**Task goal**
Copy the data exactly, pictures aside.

**The data**
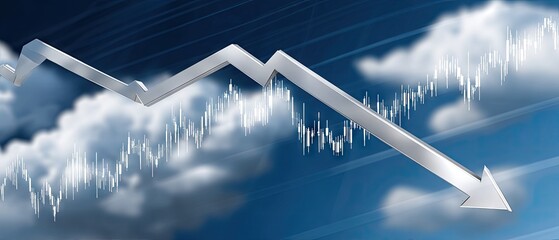 Cloud forms downward-pointing arrow with blue sky and white clouds in background, representing decline in stock market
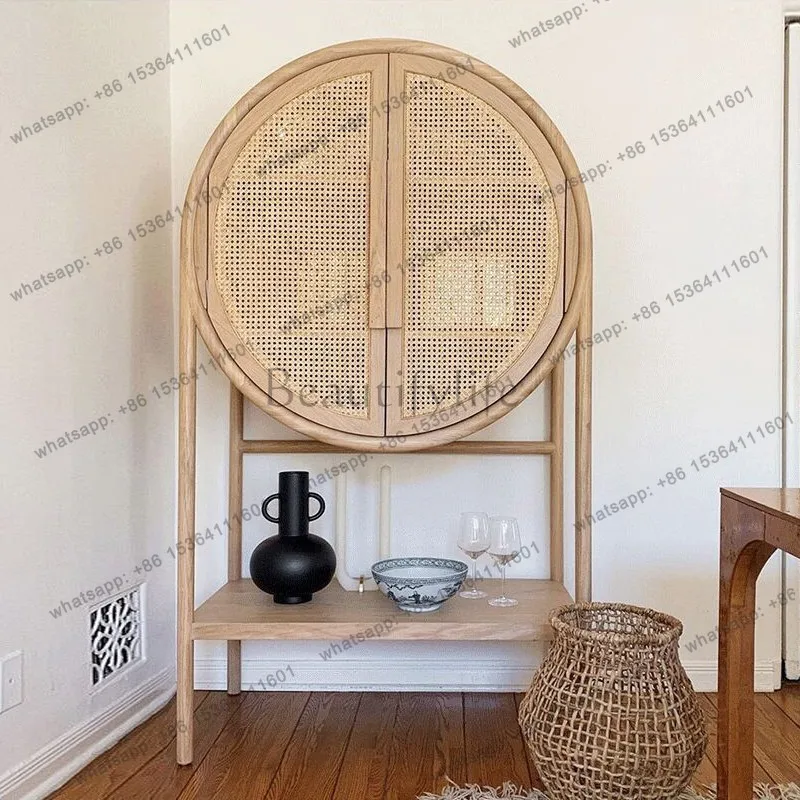 Nordic solid wood rattan storage double door round wine cabinet modern creative storage cabinet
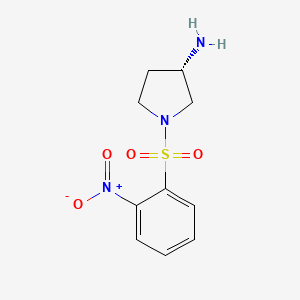 molecular formula C10H13N3O4S B13063473 (S)-1-(2-Nitro-benzenesulfonyl)-pyrrolidin-3-ylamine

**Answer section**
 Cloud forms downward-pointing arrow with blue sky and white clouds in background, representing decline in stock market
 Nordic solid wood rattan storage double door round wine cabinet modern creative storage cabinet
 molecular formula C10H13N3O4S B13063473 (S)-1-(2-Nitro-benzenesulfonyl)-pyrrolidin-3-ylamine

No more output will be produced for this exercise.